**The task**
Return the line containing "Suncast 2 Pack" and every line beneath it through the end of the entries below, unchanged. Pictures stay out.

Captioned web images
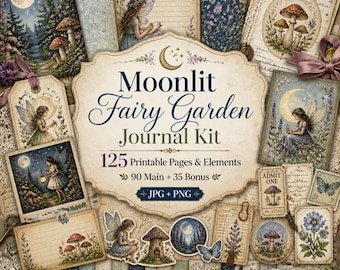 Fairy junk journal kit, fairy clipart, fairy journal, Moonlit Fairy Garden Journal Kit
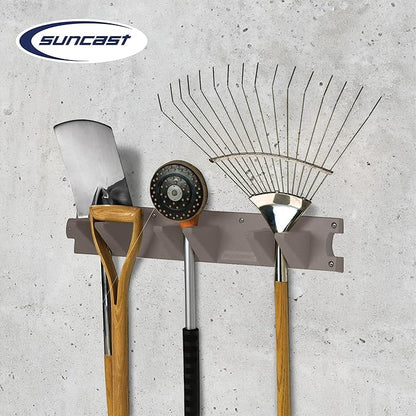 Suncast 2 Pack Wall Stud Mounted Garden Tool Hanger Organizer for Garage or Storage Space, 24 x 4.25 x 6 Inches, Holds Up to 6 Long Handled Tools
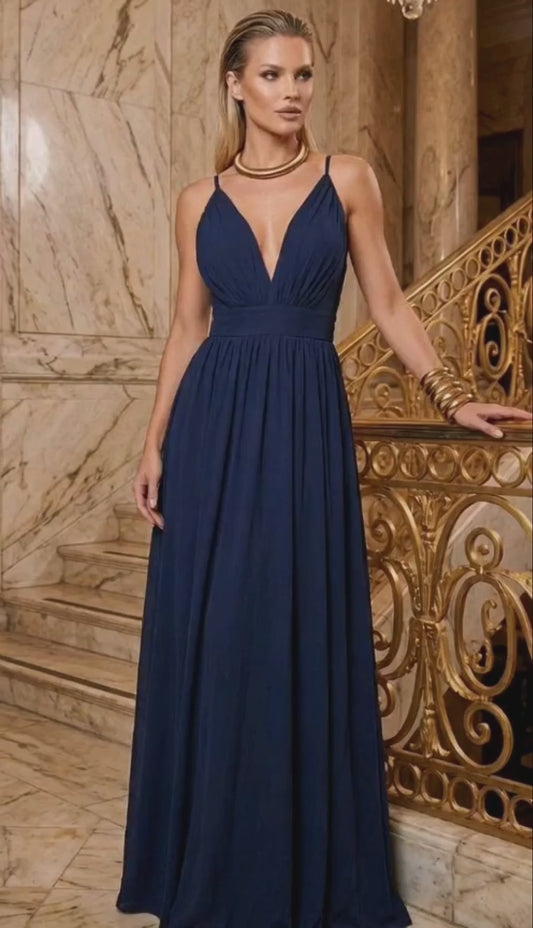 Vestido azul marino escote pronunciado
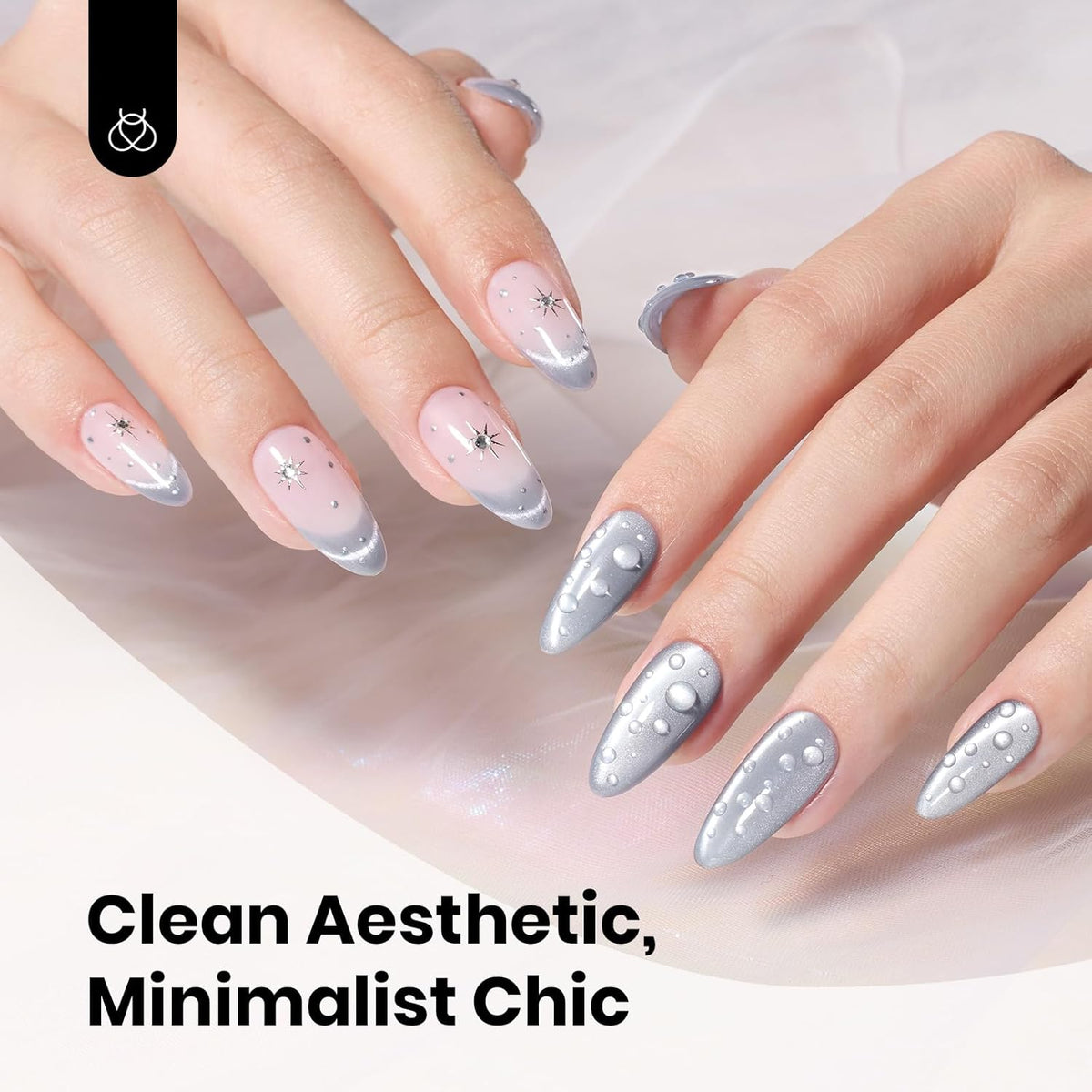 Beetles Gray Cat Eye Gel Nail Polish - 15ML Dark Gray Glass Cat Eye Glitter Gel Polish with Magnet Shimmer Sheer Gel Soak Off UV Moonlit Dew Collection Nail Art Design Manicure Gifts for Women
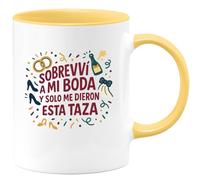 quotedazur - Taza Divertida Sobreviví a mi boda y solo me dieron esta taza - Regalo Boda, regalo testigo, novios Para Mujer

**Task answer**
 Suncast 2 Pack Wall Stud Mounted Garden Tool Hanger Organizer for Garage or Storage Space, 24 x 4.25 x 6 Inches, Holds Up to 6 Long Handled Tools
 Vestido azul marino escote pronunciado
 Beetles Gray Cat Eye Gel Nail Polish - 15ML Dark Gray Glass Cat Eye Glitter Gel Polish with Magnet Shimmer Sheer Gel Soak Off UV Moonlit Dew Collection Nail Art Design Manicure Gifts for Women
 quotedazur - Taza Divertida Sobreviví a mi boda y solo me dieron esta taza - Regalo Boda, regalo testigo, novios Para Mujer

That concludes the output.